The descriptions of landscape, the importance attached to times of day and night, its physical composition, could be either literal or metaphorical in tone.

J.R.R Tolkein’s The Lord of the Rings, much of which was written during the Second World War, outlines an ancient battle-scarred landscape of pools and Dead Marshes, beneath which the dead of long past battles are submerged - suggestively echoing the muddied pools surrounding the River Ancre:

‘Hurrying forward Sam tripped, catching his foot in some old root or tussock. He fell and came heavily on his hands, which sank deep into sticky ooze, so that his face was brought close to the surface of the dark mere. There was a faint hiss, a noisome smell went up, the lights flickered and danced and swirled. For a moment the water below him looked like some window, glazed with grimy glass, through which he was peering. Wrenching his hands out of the bog, he sprang with a cry. ‘They are dead things, dead faces in the water’ he said with horror. ‘Dead faces’’.

J.R.R. Tolkein, The Passage of the Marshes, The Lord of the Rings

Edmund Charles Blunden (1896 -1974). Author and poet.
Royal Sussex Regiment

The mythological tone struck by Tolkein; his sense of something ancient and solemn is both mirrored and contrasted by Edmund Blunden.
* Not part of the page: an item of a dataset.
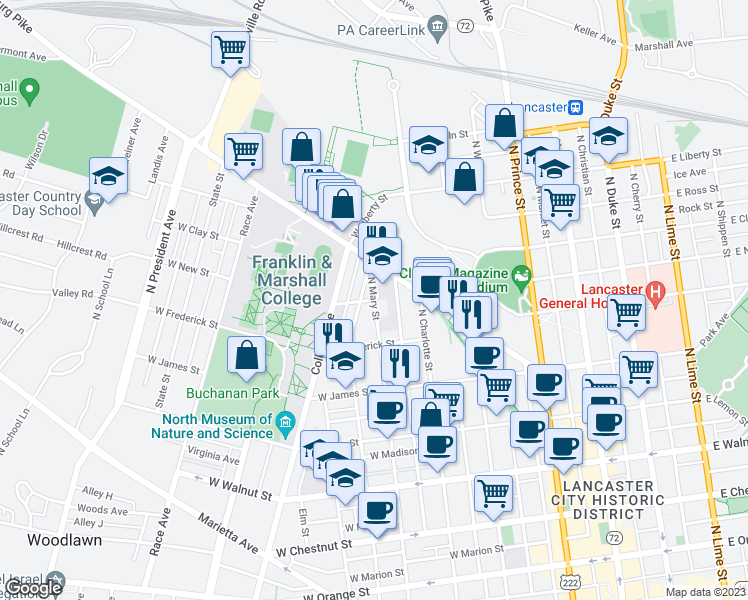 map of restaurants, bars, coffee shops, grocery stores, and more near 308 West New Street in Lancaster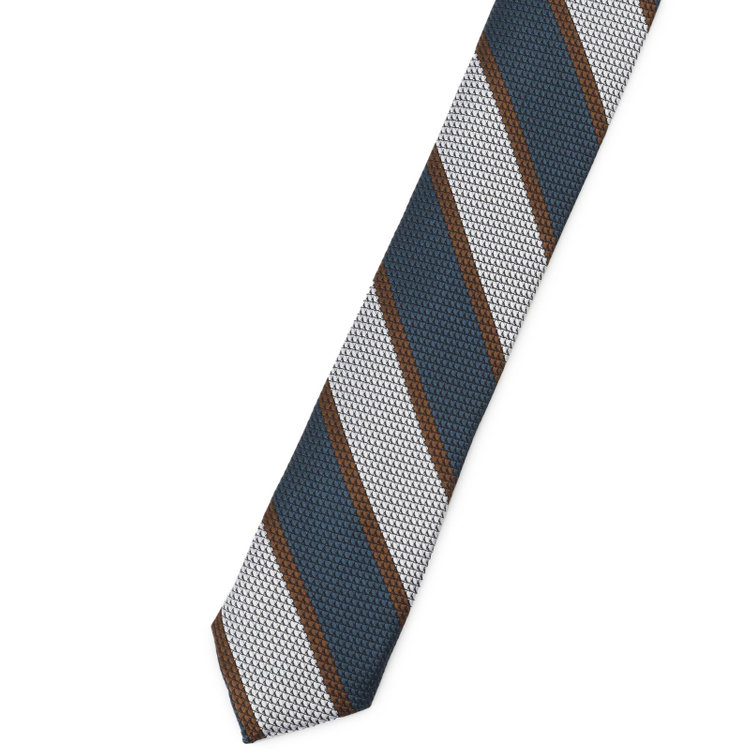 シルバーライン 【SILVER LINE】シルクストライプネクタイ 8.0cm幅/ネイビーブルー×シルバー＆ブラウン その他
Blunden recalls his first experience of the ‘Old British Line’ at Festubert, before his regiment was transferred to the Somme Battlefield in 1916. His classical reference to Homer’s Iliad with its story of the titanic struggle between the Greek states and Troy described within, hold solemn reference and equal parallel to Blunden’s experiences of the Great War:

‘Such as it was, the Old British Line at Festubert had the appearance of great age and perpetuity; its weather-beaten sand bag was already venerable. It shared the past with the defences of Troy’.

Edmund Blunden, Undertones of War

J.R.R. Tolkein (1892-1973) Writer and Philologist
Lancashire Fusiliers

Vigils: Out in the Darkness

‘O river of stars and shadows, lead me through the night’.
Siegfried Sassoon, Before the Battle, June 25th, 1916.

On the Somme, activity at night, beneath the surface of the landscape was a practical and logistical necessity. The movement of men and material, under the cover of darkness, to the front-line and firing-step was facilitated by a vast network of communication trenches operating as webbed arteries across and below the battlefield.

Darkness never guaranteed safety, as Robert Graves recorded in his poem The Leveller:

Near Martinpuich that night of hell
Two men were struck by the same shell,
Together tumbling in one heap
Senseless and limp like slaughtered sheep.

Graves, Robert von Ranke (1895 -1985). Poet and Writer.
Royal Welch Fusiliers.

Troop Movement at night took place on both land and at sea.

On a night crossing to Le Havre on the 22nd June 1916, in a boat packed with troops showing ‘no lights’; composer Ralph Vaughan Williams, following disembarkation, records his arrival at Maizieres, in a cattle truck inscribed ‘40 men or 8 horses’. From Mazieres he hears ‘the ceaseless sound of gunfire On the Somme’

As a ‘waggon orderly’, in the London Field Ambulance he recalls going up to the line ‘every night to bring back wounded and sick in a motor ambulance’. Vaughan Williams records that, ‘all this takes place at night except an occasional day journey for urgent cases.’

Vaughan Williams, Ralph (1872 -1958). Composer.
London Field Ambulance.

Laudes: Night -through-to -Dawn

“Mail’s up!’’ The vast of night is over, And love of Friends fills all one’s mind.
Ivor Gurney.

In Siegfried Sassoon’s, Prelude: The Troops, night progresses through to a burgeoning dawn; what Sassoon identifies as the ‘thinning of the shapeless gloom’. As the morning light and the sky above becomes apparent, the activities of the day takes over from those of the night:

Dim, gradual thinning of the shapeless gloom
Shudders to drizzling daybreak that reveals
Disconsolate men who stamp their sodden boots
And turn dulled, sunken faces to the sky
Haggard and hopeless. They, who have beaten down
The stale despair of night, must now renew
Their desolation in the truce of dawn,
Murdering the livid hours that grope for peace.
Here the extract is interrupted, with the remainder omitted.